We all have pet peeves or things that other people do that just irk us. Walking on campus is a daily struggle for me because I often find myself sighing at strange or rude things people do. There are certain things that simply perplex me and that need to stop immediately.

  1. Talking on your phone…with headphones?

I really don’t understand this at all. I often see people walking on campus with their headphones attached to their phone, and it seems like they’re talking to themselves–until I realize they’re holding a conversation on the phone. I’ve seen only one practical reason to do this.

One day, at a computer in the Bonnie, I realized a student next to me was talking on the phone while typing-with both hands.

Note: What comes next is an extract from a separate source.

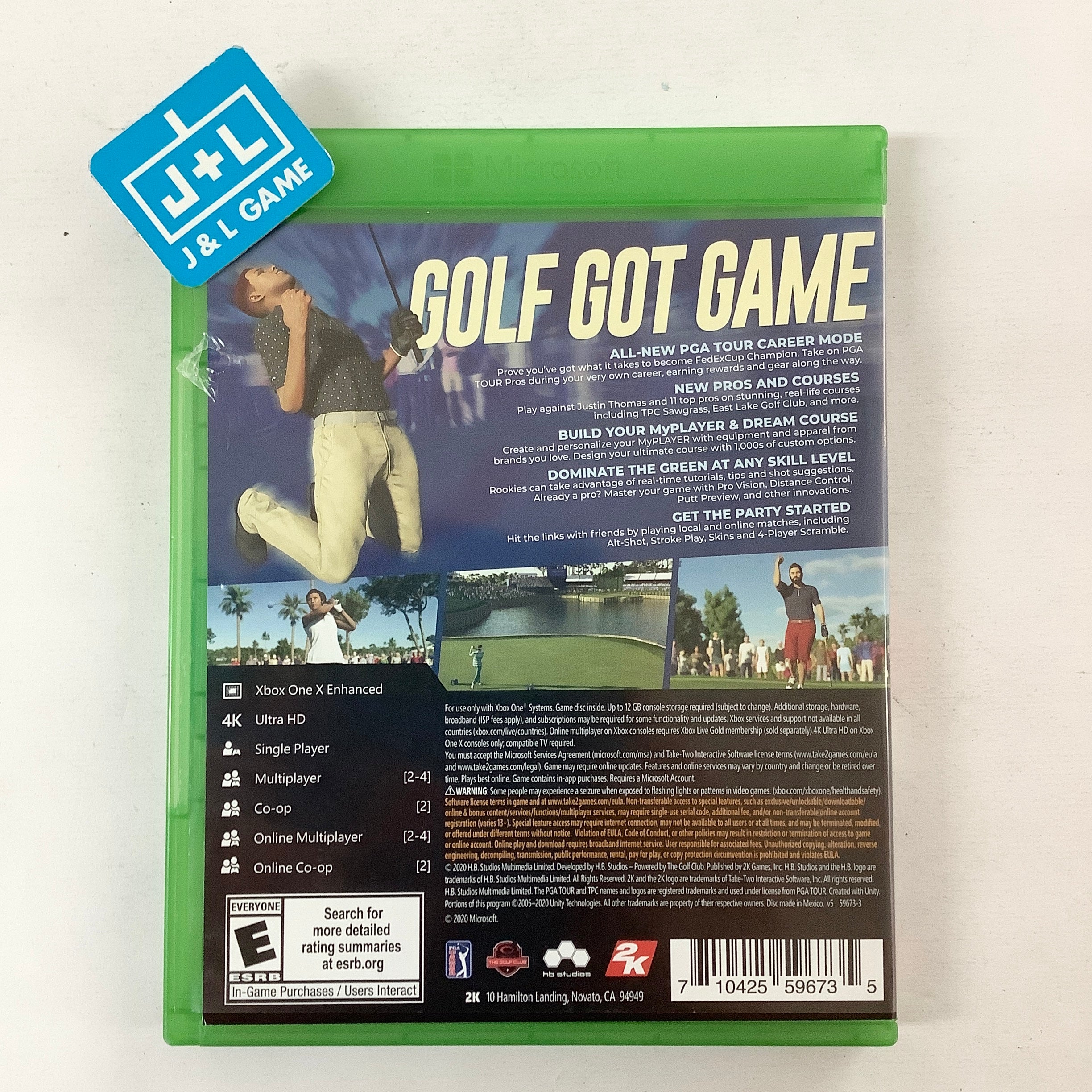 PGA Tour 2K21 - (XB1) Xbox One [Pre-Owned] Video Games 2K Games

He was only able to do this because his headphones were plugged into his iPhone. To me, this was a very practical way to keep your conversation private but continue working.

Unfortunately, most of the time people are walking or even riding the bus. It’s so easy to hold your phone up to your ear while you’re walking or sitting. With your headphones in, it simply looks like you’re talking to yourself.

  1. Inappropriate interactions with other people’s dogs

It almost never fails: every time I walk my dog Roxy, someone calls  or whistles to her. This wouldn’t bother me if it weren’t for the fact that Roxy is very easily distracted. One day, a passenger in a truck whistled to her and said something like “DOGGY!” Roxy proceeded to nearly rip my arm off in excitement as she lunged towards the truck, dragging me behind her. The passenger laughed as the truck drove away. Until the truck was out of her sight, Roxy continued to try to find the voice that took interest in her. This is incredibly rude because you never know what a stranger’s dog is like. Some dogs may not notice you at all, but this seemingly minor thing can make a simple walk a lot more frustrating.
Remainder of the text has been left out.